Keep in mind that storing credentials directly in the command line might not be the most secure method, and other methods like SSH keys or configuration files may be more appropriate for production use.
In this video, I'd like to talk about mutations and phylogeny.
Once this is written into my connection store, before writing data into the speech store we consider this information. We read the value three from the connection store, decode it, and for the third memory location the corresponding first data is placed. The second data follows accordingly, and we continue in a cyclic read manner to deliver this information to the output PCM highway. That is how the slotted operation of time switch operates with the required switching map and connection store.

-------

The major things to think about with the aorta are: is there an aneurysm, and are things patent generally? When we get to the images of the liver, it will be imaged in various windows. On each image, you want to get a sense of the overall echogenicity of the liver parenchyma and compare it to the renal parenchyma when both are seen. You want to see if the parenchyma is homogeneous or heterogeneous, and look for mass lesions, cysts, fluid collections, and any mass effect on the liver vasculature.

-------

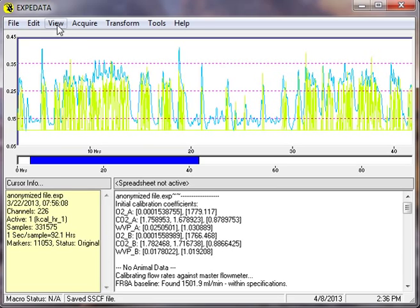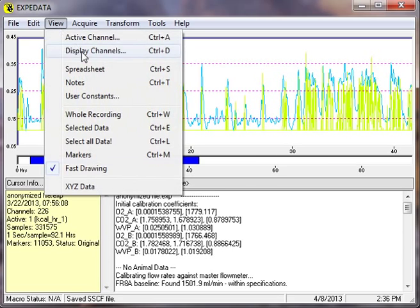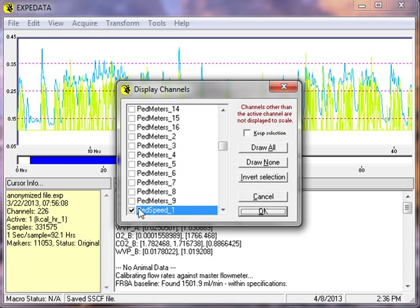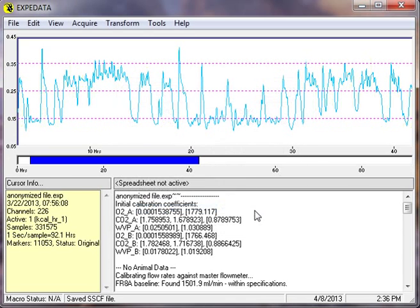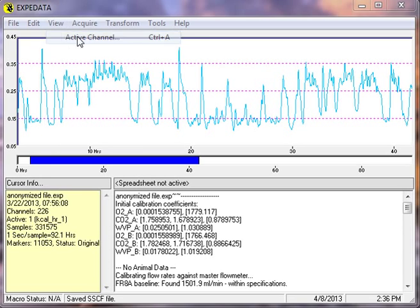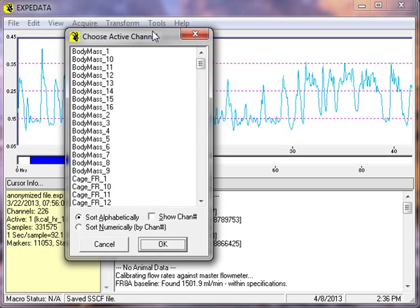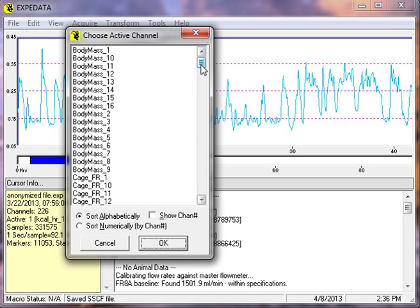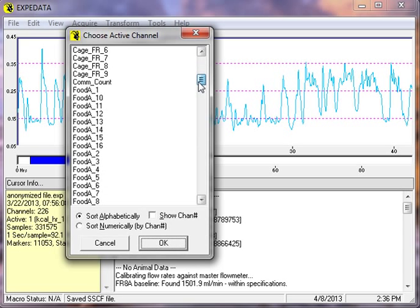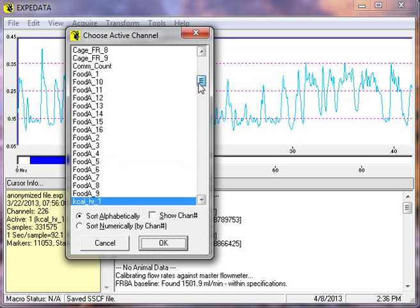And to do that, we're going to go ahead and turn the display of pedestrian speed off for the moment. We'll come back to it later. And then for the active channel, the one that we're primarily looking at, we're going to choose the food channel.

-------

Return only the stretch of the material above from the line holding "Keep in mind" through the line holding "In this video, I'd", copied exactly.

Keep in mind that storing credentials directly in the command line might not be the most secure method, and other methods like SSH keys or configuration files may be more appropriate for production use.
In this video, I'd like to talk about mutations and phylogeny.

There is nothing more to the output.